Since we are focusing on performance optimization through layout manipulation of VLSI chips after place and route, we need to reliably determine those layout parameters that have the largest effect on timing of a chip fabricated with a DSM technology. Therefore, we examine only the most appropriate timing analysis methods used for VLSI chips to determine which layout dimensions are the dominant parameters affecting timing. These parameters then give us the information necessary for layout optimization. We also need to understand the limitations and underlying assumptions in these timing analysis techniques. Looking at timing analysis and the dominant layout parameters, we will learn that substantial speed performance optimization can be achieved through adjustments of interconnect dimensions in conjunction with the buffer stages driving them.
The most appropriate timing analysis in VLSI chips depends on the character of the circuit and the timing information needed. For now, we will focus on digital circuits. The timing information needed to determine and optimize the performance of a digital circuit is very different from what we would need to know for an analog circuit. We will see, however, that effects such as interconnect cross-coupling, will turn out to be analog effects, such as detailed pulse-shape information even for digital circuits.
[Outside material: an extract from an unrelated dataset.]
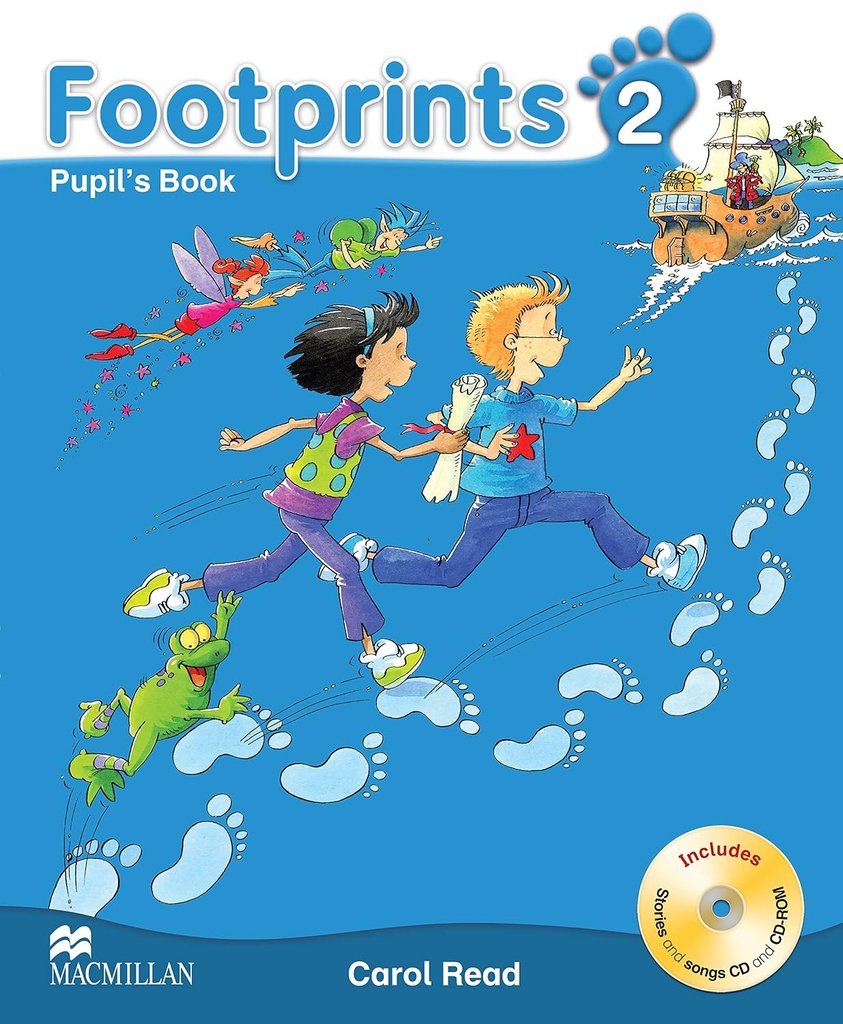 FOOTPRINTS 2 PUPIL'S BOOK+CD-ROM, SONGS, STORIES CD & PORTFOLIO BOOKLET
Focusing on digital circuits, the next questions concern the level at which we want to determine and verify the correct circuit timing behavior. Do we need a timing analysis at a high level, a functional level, or do we have to go all the way down to the transistor level? Since we are interested in physical layout optimization involving the polygon level, the analysis will have to be at the lowest and most detailed level, the transistor level. We will see later on what this means in terms of the complexity of the transistor models used for the timing analysis.
Normally, analyzing the time behavior of a digital circuit involves determining how a circuit moves through its digital - its binary - states with time, since digital circuits are state machines. Unfortunately, processing state information for timing analysis is too time-consuming for most situations, especially for the current complex VLSI circuits. In addition, if we want to perform a state-dependent simulation, we would also need to generate the appropriate simulation vector suites before we could even get started.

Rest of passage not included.